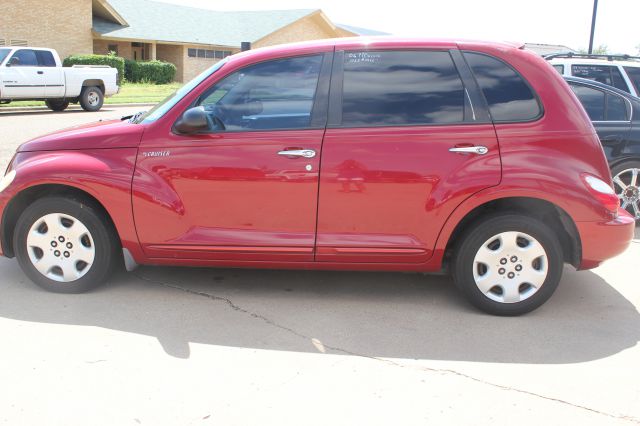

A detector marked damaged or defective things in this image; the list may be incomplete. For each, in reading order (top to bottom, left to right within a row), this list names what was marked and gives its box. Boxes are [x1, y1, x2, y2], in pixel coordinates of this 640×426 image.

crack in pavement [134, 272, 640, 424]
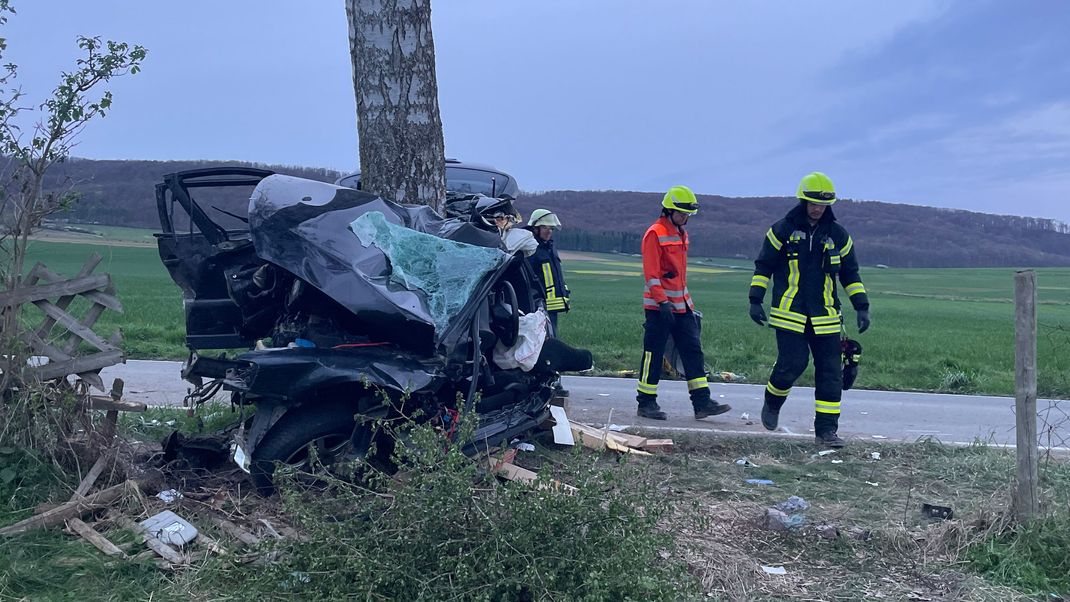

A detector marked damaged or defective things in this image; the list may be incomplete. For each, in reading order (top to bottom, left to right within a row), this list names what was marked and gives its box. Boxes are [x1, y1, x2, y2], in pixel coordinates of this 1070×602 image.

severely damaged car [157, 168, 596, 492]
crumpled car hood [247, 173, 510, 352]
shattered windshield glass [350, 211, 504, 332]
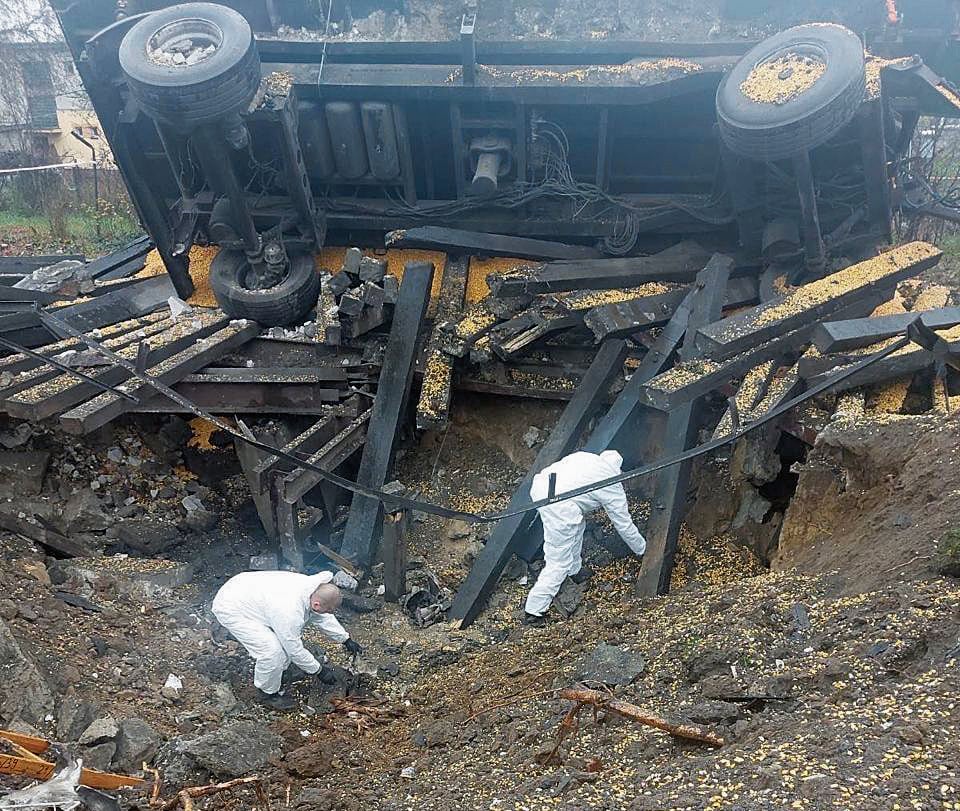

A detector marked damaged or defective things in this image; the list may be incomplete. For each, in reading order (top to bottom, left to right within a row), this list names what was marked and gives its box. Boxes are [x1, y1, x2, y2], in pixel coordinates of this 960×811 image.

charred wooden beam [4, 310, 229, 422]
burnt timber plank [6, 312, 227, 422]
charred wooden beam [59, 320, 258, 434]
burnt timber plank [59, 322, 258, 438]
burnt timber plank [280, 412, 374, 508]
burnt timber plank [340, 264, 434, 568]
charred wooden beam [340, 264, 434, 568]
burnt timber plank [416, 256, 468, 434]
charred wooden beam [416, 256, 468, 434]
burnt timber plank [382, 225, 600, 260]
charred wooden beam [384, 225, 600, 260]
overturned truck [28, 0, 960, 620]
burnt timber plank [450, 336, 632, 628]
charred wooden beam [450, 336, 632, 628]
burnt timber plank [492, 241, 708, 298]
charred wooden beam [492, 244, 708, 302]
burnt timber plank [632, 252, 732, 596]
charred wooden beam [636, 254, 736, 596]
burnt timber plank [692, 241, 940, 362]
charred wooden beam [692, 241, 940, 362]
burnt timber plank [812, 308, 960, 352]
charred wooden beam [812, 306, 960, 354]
□ □ □ □
EXERCISE: Each line, from the one that holds "this 960×811 image." through the last line of the entries, must be repeated exactly. Leave out everything else.

WORKED SOLUTION:
A detector marked damaged or defective things in this image; the list may be incomplete. For each, in reading order (top to bottom, left to right within a row), this list names what was marked and gives its box. Boxes are [x1, y1, x2, y2], in pixel coordinates of this 960×811 image.

charred wooden beam [4, 310, 229, 422]
burnt timber plank [6, 312, 227, 422]
charred wooden beam [59, 320, 258, 434]
burnt timber plank [59, 322, 258, 438]
burnt timber plank [280, 412, 374, 508]
burnt timber plank [340, 264, 434, 568]
charred wooden beam [340, 264, 434, 568]
burnt timber plank [416, 256, 468, 434]
charred wooden beam [416, 256, 468, 434]
burnt timber plank [382, 225, 600, 260]
charred wooden beam [384, 225, 600, 260]
overturned truck [28, 0, 960, 620]
burnt timber plank [450, 336, 632, 628]
charred wooden beam [450, 336, 632, 628]
burnt timber plank [492, 241, 708, 298]
charred wooden beam [492, 244, 708, 302]
burnt timber plank [632, 252, 732, 596]
charred wooden beam [636, 254, 736, 596]
burnt timber plank [692, 241, 940, 362]
charred wooden beam [692, 241, 940, 362]
burnt timber plank [812, 308, 960, 352]
charred wooden beam [812, 306, 960, 354]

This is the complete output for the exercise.